Little is known about Ajoke's birth mother, who was believed to be one of TB Joshua's congregants. Ajoke says she was raised by Evelyn, Joshua's widow, from as early as she can remember.
Until the age of seven, Ajoke says she had a very happy childhood, going on holiday with the Joshua family to places like Dubai.
But one day everything changed. She was suspended from school for a misdemeanour, and a local journalist wrote an article referring to her as the illegitimate child of TB Joshua. She was pulled out of school and taken to the Scoan compound in Lagos.
"I was made to move to the disciples' room. I didn't volunteer to be a disciple. I was made to join," she says.

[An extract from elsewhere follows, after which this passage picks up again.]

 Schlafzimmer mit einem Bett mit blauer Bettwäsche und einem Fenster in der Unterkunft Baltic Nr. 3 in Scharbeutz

The disciples were an elite group of dedicated followers who served TB Joshua and lived with him inside the maze-like structure of the church. They came from all over the world, many staying at the compound for decades.
They lived under a strict set of rules: forbidden to sleep for more than a few hours at a time, prohibited from using their own phones or having access to their personal emails, and forced to call TB Joshua "Daddy".
"The disciples were both brainwashed and enablers. Everybody was just acting based on command - like zombies. Nobody was questioning anything," she says.
Just a child, Ajoke would not follow the rules like the other disciples: she refused to stand up when the pastor came into the room and rebelled against the severe sleeping orders.
The abuse started soon after.
Not long after arriving, aged seven, she remembers being beaten for wetting the bed and then being forced to walk around the compound with a sign around her neck saying "I am a bedwetter."
"The message about Ajoke was that she had terrible evil spirits that needed to be driven out," says one former female disciple.
"There was a time in the disciple meetings - he [Joshua] said people could beat her. Anyone in the female dormitory could just hit her and I remember just seeing people slapping her as they walked past," she says.